No significant circularity; benchmark and results derive from external OSS-Fuzz data and independent oracles.

full rationale

The paper constructs its 105 tasks by sourcing from OSS-Fuzz projects, identifying vulnerability introduction points, and applying static plus dynamic oracles for security alongside functionality tests. The headline result (best agent at 23.8% correct-and-secure) is obtained by running external agents on these tasks. No step reduces by construction to a fitted parameter, self-definition, or self-citation chain; the derivation chain remains self-contained against external benchmarks and does not invoke uniqueness theorems or ansatzes from prior author work.

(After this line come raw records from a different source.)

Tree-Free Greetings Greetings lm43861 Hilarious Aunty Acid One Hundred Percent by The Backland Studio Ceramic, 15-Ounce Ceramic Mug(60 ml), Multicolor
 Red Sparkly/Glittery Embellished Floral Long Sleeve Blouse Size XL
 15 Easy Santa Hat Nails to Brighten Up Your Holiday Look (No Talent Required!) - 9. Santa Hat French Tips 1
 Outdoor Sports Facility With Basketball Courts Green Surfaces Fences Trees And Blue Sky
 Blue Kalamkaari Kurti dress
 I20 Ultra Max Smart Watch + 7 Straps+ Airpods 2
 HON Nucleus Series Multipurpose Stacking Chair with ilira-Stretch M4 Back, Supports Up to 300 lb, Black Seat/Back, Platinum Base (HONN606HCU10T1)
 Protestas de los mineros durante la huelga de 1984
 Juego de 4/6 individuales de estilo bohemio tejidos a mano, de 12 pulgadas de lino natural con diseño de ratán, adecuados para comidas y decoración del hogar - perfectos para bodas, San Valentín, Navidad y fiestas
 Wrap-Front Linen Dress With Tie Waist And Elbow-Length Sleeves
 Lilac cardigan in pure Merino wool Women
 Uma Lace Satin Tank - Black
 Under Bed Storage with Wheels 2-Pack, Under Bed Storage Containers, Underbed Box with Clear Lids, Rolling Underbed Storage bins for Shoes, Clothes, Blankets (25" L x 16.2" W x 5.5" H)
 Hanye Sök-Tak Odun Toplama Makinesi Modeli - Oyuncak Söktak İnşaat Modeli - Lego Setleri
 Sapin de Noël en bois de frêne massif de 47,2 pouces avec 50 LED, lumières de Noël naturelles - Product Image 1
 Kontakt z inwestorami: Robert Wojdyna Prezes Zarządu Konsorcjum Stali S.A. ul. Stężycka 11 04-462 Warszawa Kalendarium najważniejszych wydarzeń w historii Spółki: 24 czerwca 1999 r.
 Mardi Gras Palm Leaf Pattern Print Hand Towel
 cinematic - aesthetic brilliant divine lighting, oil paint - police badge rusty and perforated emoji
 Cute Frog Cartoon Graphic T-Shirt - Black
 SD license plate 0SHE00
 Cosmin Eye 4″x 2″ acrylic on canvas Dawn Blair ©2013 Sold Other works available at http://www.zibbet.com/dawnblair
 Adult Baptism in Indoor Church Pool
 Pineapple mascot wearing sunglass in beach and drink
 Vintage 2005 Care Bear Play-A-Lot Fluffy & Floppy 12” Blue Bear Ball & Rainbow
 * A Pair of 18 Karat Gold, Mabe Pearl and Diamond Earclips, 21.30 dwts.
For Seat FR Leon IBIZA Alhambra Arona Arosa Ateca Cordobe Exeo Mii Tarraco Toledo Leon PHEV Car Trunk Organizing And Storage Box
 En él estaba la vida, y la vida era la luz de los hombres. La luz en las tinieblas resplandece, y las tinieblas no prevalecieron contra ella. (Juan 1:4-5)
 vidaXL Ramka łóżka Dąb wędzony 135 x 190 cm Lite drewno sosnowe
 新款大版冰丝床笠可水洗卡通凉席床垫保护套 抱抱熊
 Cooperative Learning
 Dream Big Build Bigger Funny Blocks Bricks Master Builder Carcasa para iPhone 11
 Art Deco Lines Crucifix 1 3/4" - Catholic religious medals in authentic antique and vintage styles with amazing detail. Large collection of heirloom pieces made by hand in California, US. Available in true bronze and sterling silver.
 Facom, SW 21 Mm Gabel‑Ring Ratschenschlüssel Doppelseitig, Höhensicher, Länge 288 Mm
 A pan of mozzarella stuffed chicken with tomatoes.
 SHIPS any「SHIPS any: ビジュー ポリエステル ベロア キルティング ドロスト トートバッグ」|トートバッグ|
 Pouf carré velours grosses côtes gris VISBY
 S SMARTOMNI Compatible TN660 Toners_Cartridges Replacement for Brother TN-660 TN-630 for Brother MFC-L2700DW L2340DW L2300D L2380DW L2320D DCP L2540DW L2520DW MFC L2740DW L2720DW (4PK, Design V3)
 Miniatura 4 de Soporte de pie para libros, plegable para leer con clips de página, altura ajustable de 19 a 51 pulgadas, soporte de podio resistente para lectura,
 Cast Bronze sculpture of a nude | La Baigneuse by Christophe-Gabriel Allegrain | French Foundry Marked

Axiom & Free-Parameter Ledger

0 free parameters · 2 axioms · 0 invented entities

The central claim rests on the assumption that OSS-Fuzz-derived tasks and their associated oracles constitute a faithful proxy for real developer-introduced vulnerabilities; no free parameters or new entities are introduced.

axioms (2)
  • domain assumption OSS-Fuzz projects and their reported vulnerabilities provide representative real-world scenarios of vulnerability introduction by human developers
    Used to select the 41 projects and 105 tasks with precisely identified introduction points.
  • domain assumption The combination of static and dynamic oracles correctly classifies code as secure or insecure for the purposes of this benchmark
    Invoked in the comprehensive evaluation description.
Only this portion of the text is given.